住吉神社の例祭(本祭り)では、かつて神輿を担ぎながら隅田川に入水し、次いで伝馬船に安置し氏子区域を巡幸するという、海中渡御・船渡御が挙行されていたと記されています。
しかし、防潮堤の建設や河川の汚染等の理由から、昭和37年の例祭を最後に途絶。
その後、隅田川の河川敷が整備され、船の発着が可能となったこともあり、地元民の運動が功を奏し、平成2年、28年ぶりに船渡御が漸う復活。
現在は佃公園のテラスから宮神輿を御座船(浮き桟橋)に安置し、佃・月島・晴海の氏子地区を巡ります。
社名旗や五色の旗が翻り、供船(ともぶね)を従え、曳船に曳航された御座船が巡航する様子は、佃島の伝統を脈々と受け継ぐ歴史の重みが脳裏を過り、感慨一入(ひとしお)です。
東京湾晴海沖では「海上祭」が執り行なわれます。
海を司る神である住吉三神を主祭神に祀る住吉神社ならではの祭祀。
その際宮司が奏上する祝詞は、主に"海事関係者の安全・隆盛(豊漁)" を祈念する内容と聞きます。
5:30 出社祭
6:00 宮神輿宮出し
7:00 船渡御出船(海上祭)
8:00 船渡御着船
宮神輿は、天皇陛下の高御座を模して制作されたとも云われ、八角形の形状で「八角神輿」と呼ばれ親しまれています。
町内の道路が狭く渡御に支障をきたす為、担ぎ棒が短くされていること、海中渡御に備え内部まで黒漆塗りが施され気密性が高められていることも特徴のひとつとされます。
初代の天保八角神輿は170余年を経て痛みが激しい為平成23年に新調された平成八角神輿は、前回平成24年の例祭(本祭り)からデビュー。天保八角神輿は例祭期間中、舟入堀のテラスに安置されています。

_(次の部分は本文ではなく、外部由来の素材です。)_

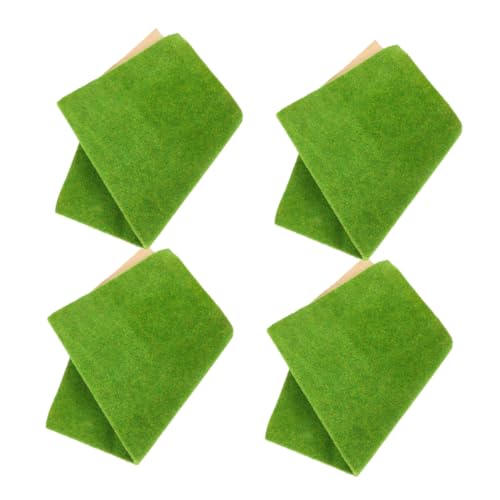 Milisten 4 Stück Künstliche Rasenteppich Realistisches Modellgras für DIY Projekte für Sandtischdekoration Leichtes und Langlebiges Material von Milisten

"水かけ祭り" と称されるように、沿道からホースやバケツで豪快に水がかけられ、水しぶきが飛び交いますが、海中渡御が途絶えた今、神輿洗いの名残りとも云われています。
着船後は氏子町内巡幸を経て御旅所へ。
神輿が巡幸する経路にある家の軒先には遺影が並べられている光景をよく目にします。
長年産土神(氏神)として崇める心の拠り所であり、 "生活に根ざした祭り" に対する独特の思い、祭りを通じた地域共同体の強い絆をを改めて強烈に印象付けられるシーンです。